Learning Locally Adaptive Metrics that Enhance Structural Representation with $\texttt{LAMINAR}$

TL;DR

LAMINAR is an unsupervised learning pipeline that creates a locally adaptive, density-based metric to better capture the underlying structure of complex data sets without prior metric specification.

Contribution

It introduces a novel method using normalising flows and inverse sampling to define a Riemannian manifold, enabling more informative structural representations in data.

Findings

LAMINAR outperforms Euclidean metrics on structured data.

It effectively captures complex data structures.

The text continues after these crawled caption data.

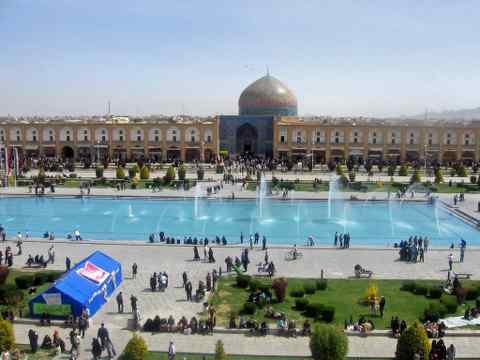 عملیات کف سازی میدان امام اصفهان آغاز شد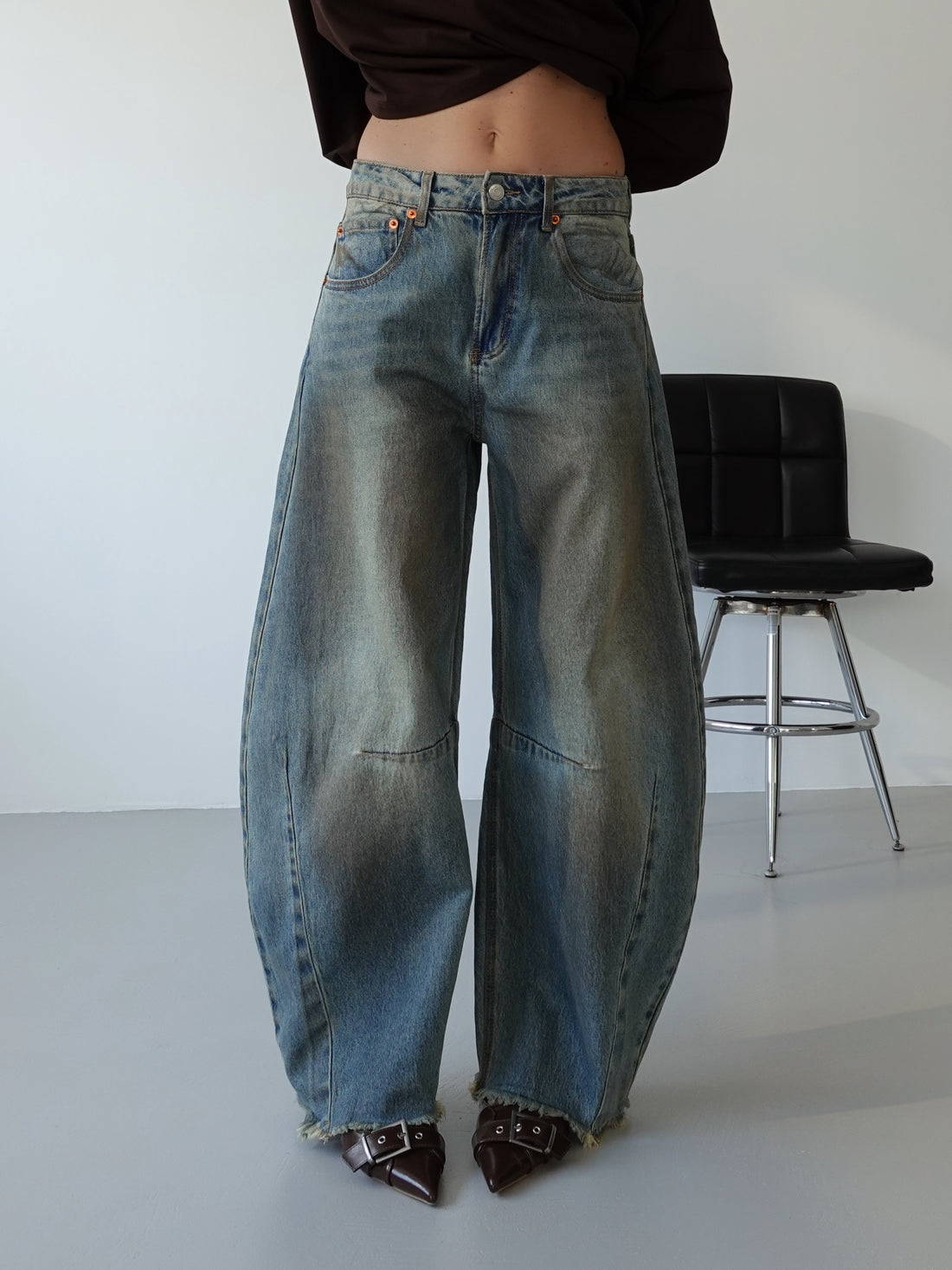JEANS BARRELL FIT SABBIATO - LAVAGGIO MEDIO ZJ6125B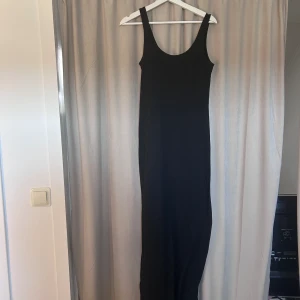 Svart långklänning - Basic svart långklänning, nästan aldrig använd! Frågor eller fler bilder? Skriv i chatten! 🥰🫶🏼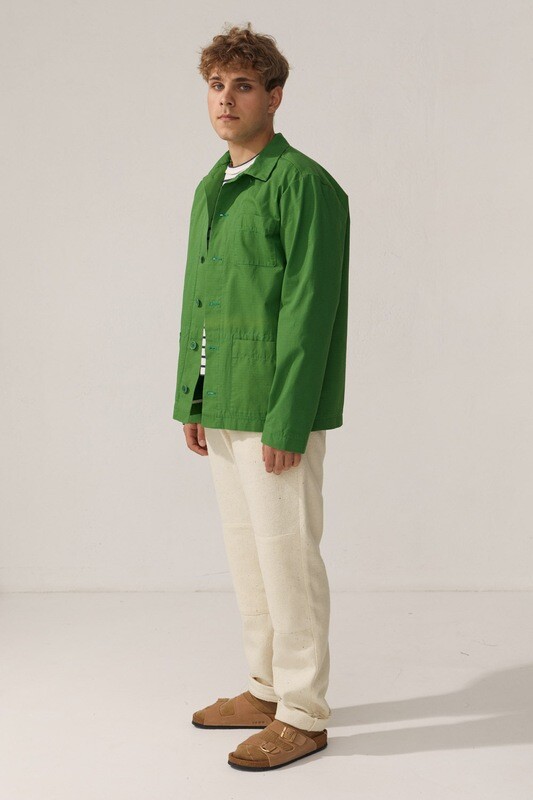 Верхняя мужская рубашка с карманами зеленого цвета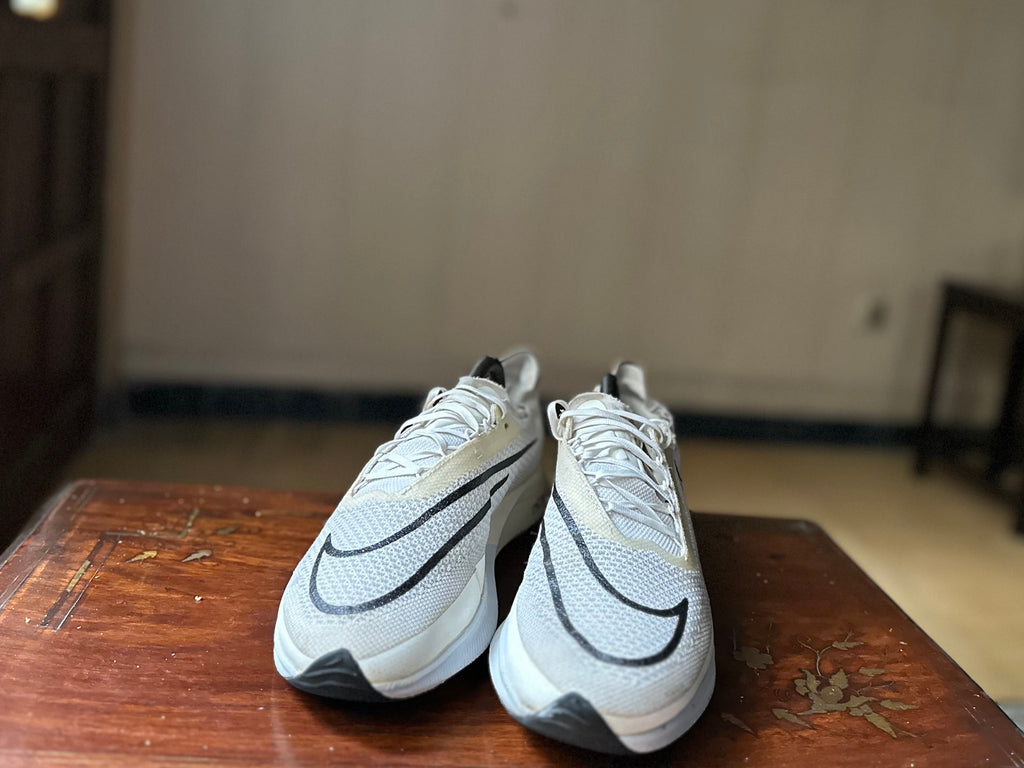 ORIGINAL Nike ZoomX StreakFly White Black Photon Dust Uk size: 7 Eu: 41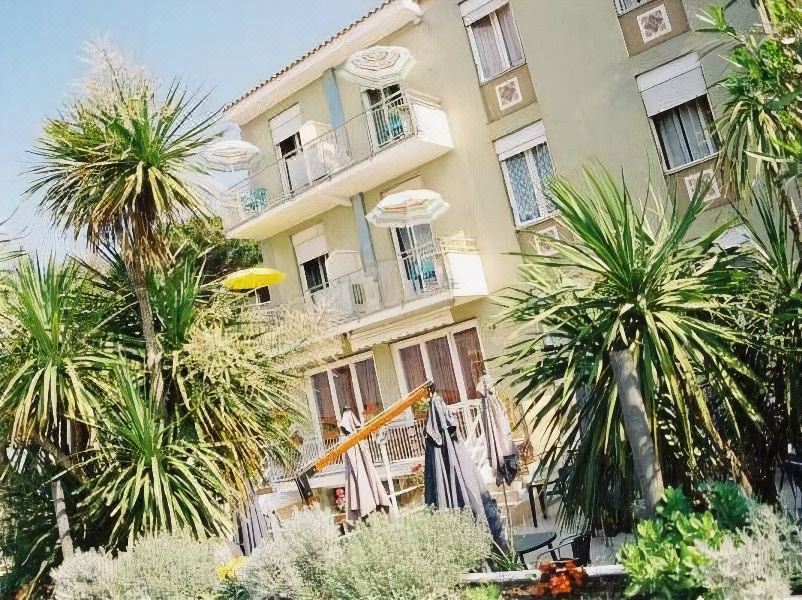 Hotel Arianna-Cavi di Lavagna Updated 2023 Room Price-Reviews & Deals |  Trip.com
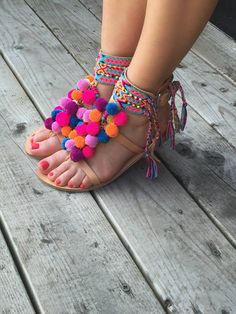 Pom Pom Sandals, Diy Sandals, Sandals Gladiator, Boho Sandals, Greek Sandals, Diy Shoes, Shoe Lover, Pom Poms, Strappy Sandals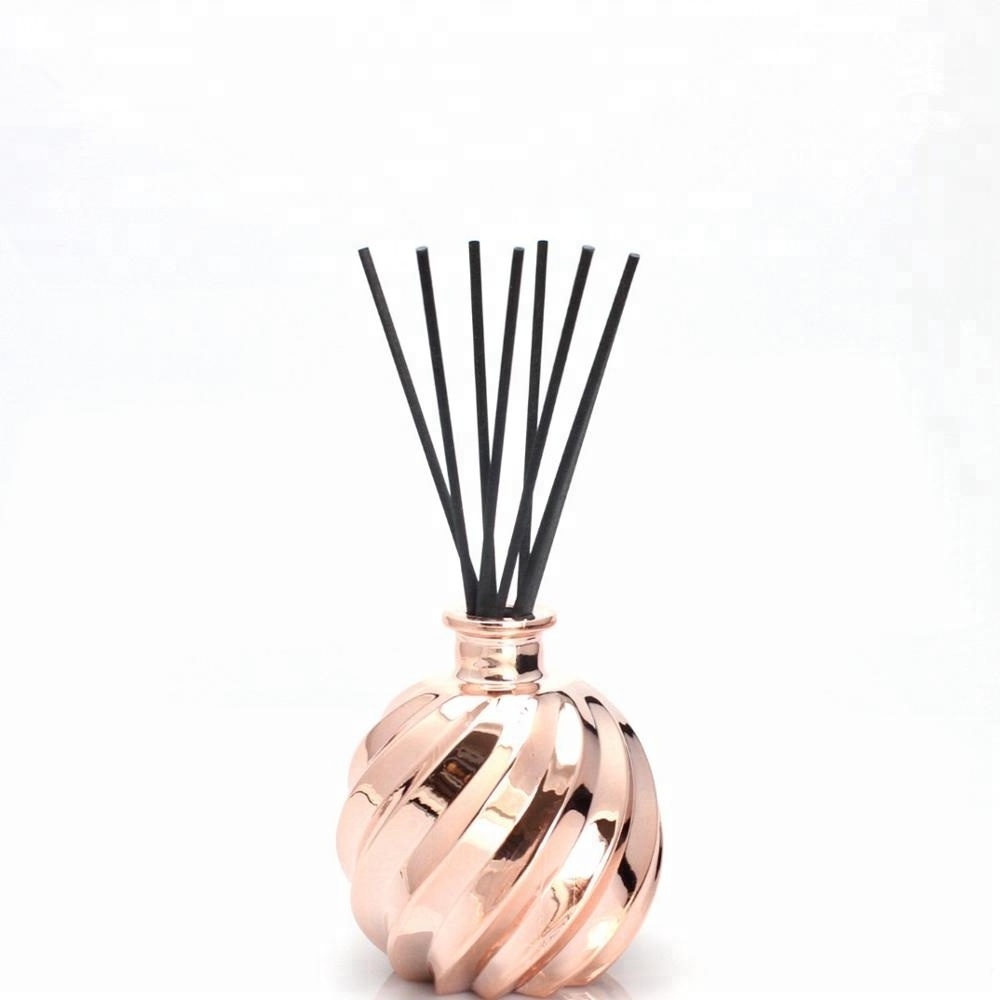 Pineapple shaped rose gold reed diffuser bottle empty glass perfume bottles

The method is unsupervised and does not require predefined metrics.

Abstract

We present $\texttt{LAMINAR}$, a novel unsupervised machine learning pipeline designed to enhance the representation of structure within data via producing a more-informative distance metric. Analysis methods in the physical sciences often rely on standard metrics to define geometric relationships in data, which may fail to capture the underlying structure of complex data sets. $\texttt{LAMINAR}$ addresses this by using a continuous-normalising-flow and inverse-transform-sampling to define a Riemannian manifold in the data space without the need for the user to specify a metric over the data a-priori. The result is a locally-adaptive-metric that produces structurally-informative density-based distances. We demonstrate the utility of $\texttt{LAMINAR}$ by comparing its output to the Euclidean metric for structured data sets.